▶ _Source data_:
+ + + + +

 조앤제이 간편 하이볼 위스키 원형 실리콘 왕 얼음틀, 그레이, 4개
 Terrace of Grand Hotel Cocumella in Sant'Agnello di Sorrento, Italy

+ + + + +

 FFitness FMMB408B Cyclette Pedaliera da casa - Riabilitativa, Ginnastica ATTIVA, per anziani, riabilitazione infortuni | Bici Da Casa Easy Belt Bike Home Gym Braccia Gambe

+ + + + +

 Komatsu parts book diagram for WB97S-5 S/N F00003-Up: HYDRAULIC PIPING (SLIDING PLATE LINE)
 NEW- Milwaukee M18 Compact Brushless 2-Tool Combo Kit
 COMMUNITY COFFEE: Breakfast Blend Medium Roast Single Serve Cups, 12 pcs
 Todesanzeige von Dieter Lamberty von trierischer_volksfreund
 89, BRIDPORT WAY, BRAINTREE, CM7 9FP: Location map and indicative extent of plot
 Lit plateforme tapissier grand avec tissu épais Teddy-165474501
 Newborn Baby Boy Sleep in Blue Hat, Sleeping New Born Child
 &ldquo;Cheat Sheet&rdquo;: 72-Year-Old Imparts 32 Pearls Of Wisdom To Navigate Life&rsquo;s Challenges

+ + + + +

▶ _Directions for this task_: Please output exactly the lines between the one holding "NEW- Milwaukee M18" and the one holding "Navigate Life&rsquo;s Challenges" in the records above, inclusive, and nothing more.

▶ _Output for this task_:
 NEW- Milwaukee M18 Compact Brushless 2-Tool Combo Kit
 COMMUNITY COFFEE: Breakfast Blend Medium Roast Single Serve Cups, 12 pcs
 Todesanzeige von Dieter Lamberty von trierischer_volksfreund
 89, BRIDPORT WAY, BRAINTREE, CM7 9FP: Location map and indicative extent of plot
 Lit plateforme tapissier grand avec tissu épais Teddy-165474501
 Newborn Baby Boy Sleep in Blue Hat, Sleeping New Born Child
 &ldquo;Cheat Sheet&rdquo;: 72-Year-Old Imparts 32 Pearls Of Wisdom To Navigate Life&rsquo;s Challenges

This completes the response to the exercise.